Turner : la dissolution de la matière

 

 

Turner, Peintures et aquarelles

Musée Jacquemart-André

Jusqu’au 11 janvier 2021

 

 

Réouverture des petits musées en ce mois de juin, pour des visites sur réservation. Quel régal de parcourir des expositions dans le calme et le silence ! Nous sommes à peine une dizaine à déambuler dans le musée Jacquemart-André, maison privée douillette, bonbonnière hors du temps, qui expose soixante aquarelles et dix peintures de Turner, venues de la Tate.

Rien à voir ici avec les grandes toiles flamboyantes de jaune, travaillées au couteau, qui rayonnent de lumière. Le peintre anglais est en effet célèbre pour user et abuser des nouveaux pigments nés de la Révolution industrielle, le bleu de cobalt et surtout les jaunes de chrome (Turner utilise six jaunes différents), qui illuminent sa peinture.

Une autre facette de Turner est ici présentée par le musée Jacquemart-André : celle de l’aquarelliste. Lors de ses nombreux voyages d’été en Europe (il en effectue une vingtaine entre 1802 et 1845), il crayonne les paysages, les bords de mer, les montages et les vallées, du Danemark à l’Italie. Ces esquisses, ces traces, ces impressions prises sur le vif, souvent colorées de mémoire à son retour en Angleterre, lui servent de travaux préparatoires pour ses peintures à l’huile.

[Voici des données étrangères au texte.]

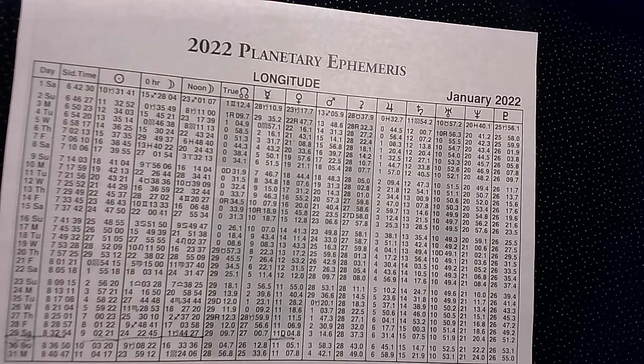Greetings, everyone. This is Sarah, and today I want to show you how to read an ephemeris. It's important to know how to read an ephemeris because it will show you what the sun and the moon and the planets are doing each and every day. It'll show you each and every day what the zodiac constellations are.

Loin d’être mineures ou anecdotiques, elles sont un formidable marqueur de l’évolution du travail de Turner et de sa singularité.

Les premières que l’on peut découvrir se ressentent encore de la formation du jeune peintre, qui travaille au début de sa carrière pour des architectes : il dessine d’abord des bâtiments, des cathédrales, des châteaux, des ponts, dans un écrin naturel qui va peu à peu manger l’intégralité du support. Turner a besoin d’espace, d’élargir son horizon et de privilégier l’atmosphère, l’impression, le ressenti, l’imagination. Il balaie l’académisme au profit de l’émotion, pour des aquarelles qui abandonnent le réalisme au profit du lambeau, et aboutissent quasiment à une abstraction radicale.

Le critique irlando-britannique William Hazlitt écrivait en 1816 : « les tableaux de Turner ne représentent pas tant les objets de la nature que le medium à travers lequel ils sont vus. Ils marquent le triomphe du savoir de l’artiste et du pouvoir du pinceau sur l’aridité du sujet. Ce sont des peintures d’éléments de l’air, de la terre et de l’eau. L’artiste se complaît à remonter au chaos originel, au moment où les eaux furent séparées des terres et la lumière des ténèbres, où aucun être vivant n’occupait la surface de la Terre. Tout est sans forme, vide. » L’ébauche, plus que l’aboutissement, la suggestion, plus que la démonstration, les effets, plus que le sujet.

Au fil des salles, l’exposition montre clairement le détachement du peintre pour la réalité ; la mer, les ciels, la lagune, les bateaux, les ruines se noient dans les couleurs délavées, les évocations brumeuses.  Les touches de couleurs diluées, telles des allusions détrempées par les eaux, suffisent à réveiller un ressenti, le ressouvenir d’une sensation éprouvée à Venise, Dinan ou au lac Léman.

Des effets de transparence, des contrastes des teintes, naît la lumière évocatrice qui irradie avec douceur. Turner, avec ses esquisses épurées, légères, apparaît soudain étonnamment moderne, libre, imprévisible, « comme un avant-propos éternel d’un propos qui jamais n’adviendra ». *

* Ainsi parlait Vladimir Jankélévitch de Debussy… Pourquoi penser ici à Debussy ? Sans doute pour ses harmonies et ses nuances subtiles, autour d’un même thème.

PS : je signale un très bon article de Maria-Magdalena Chansel, in Connaissances des Arts – Hors-Série n°895, Turner, Peintures et aquarelles.